Given data:
----
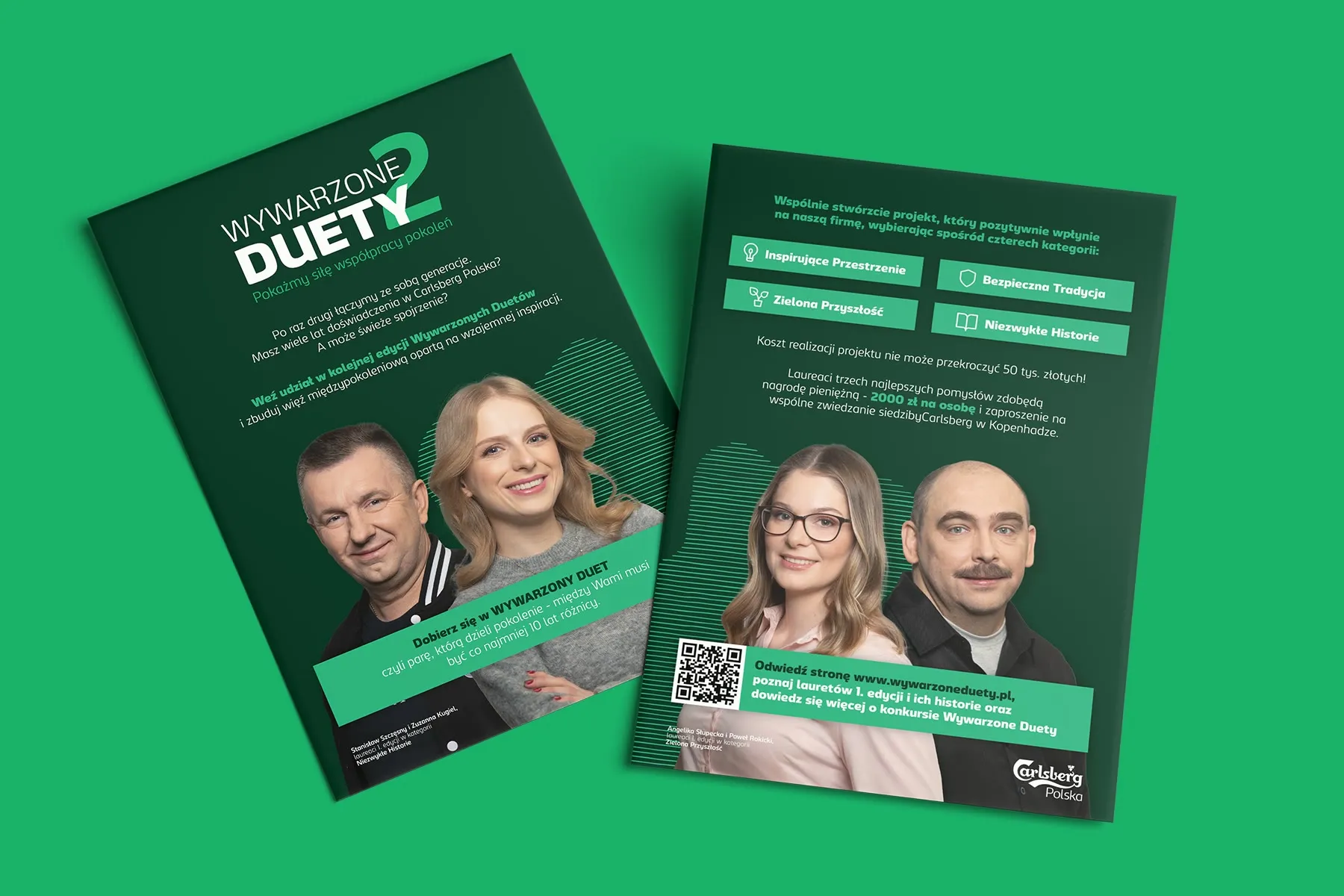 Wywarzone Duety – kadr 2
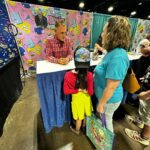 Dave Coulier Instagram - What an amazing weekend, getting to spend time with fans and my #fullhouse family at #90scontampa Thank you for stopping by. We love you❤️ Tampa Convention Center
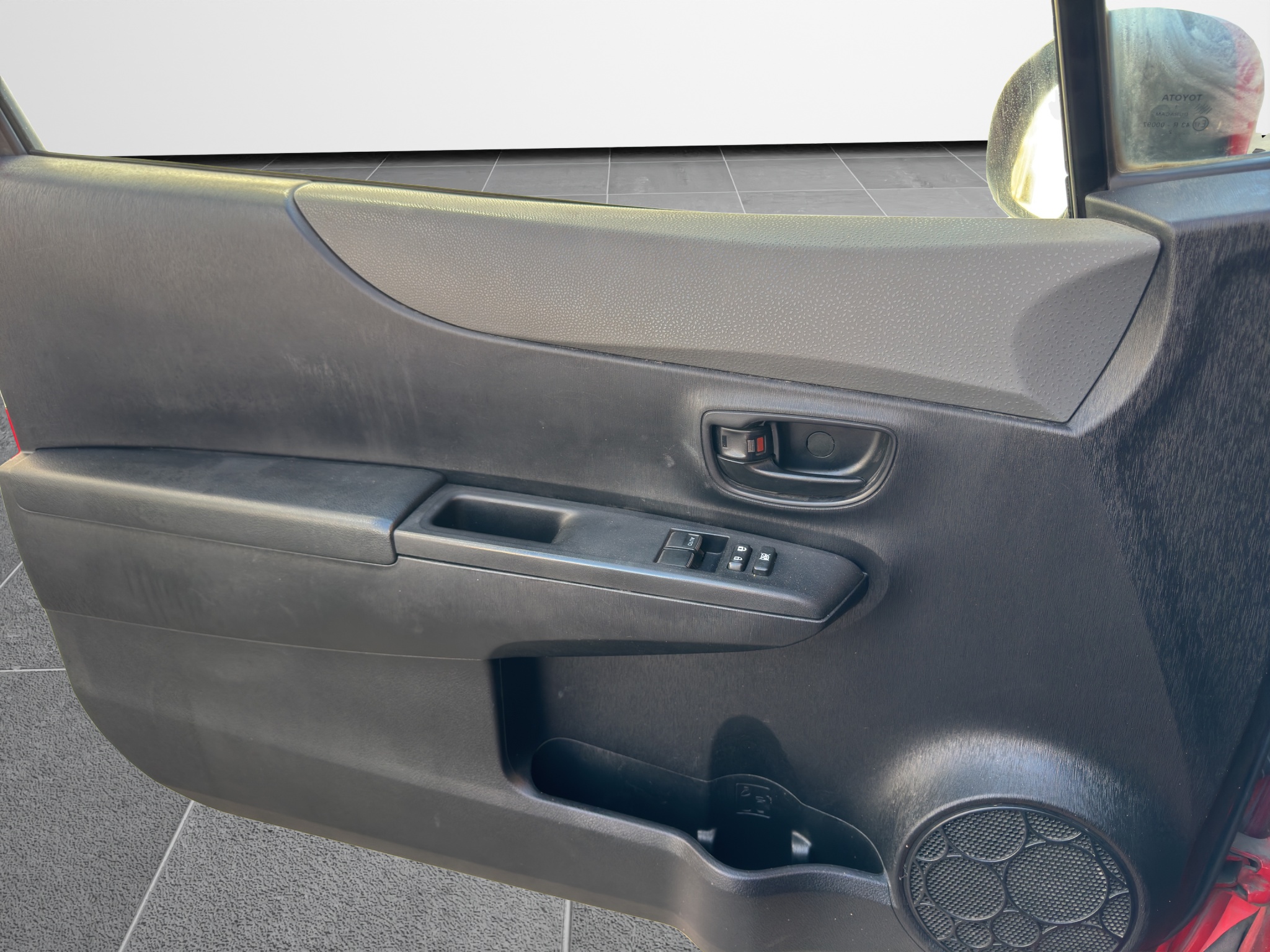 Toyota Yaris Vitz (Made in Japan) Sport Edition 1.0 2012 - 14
----
Write out the listing above in full, word for word, with no pictures.

 Wywarzone Duety – kadr 2
 Dave Coulier Instagram - What an amazing weekend, getting to spend time with fans and my #fullhouse family at #90scontampa Thank you for stopping by. We love you❤️ Tampa Convention Center
 Toyota Yaris Vitz (Made in Japan) Sport Edition 1.0 2012 - 14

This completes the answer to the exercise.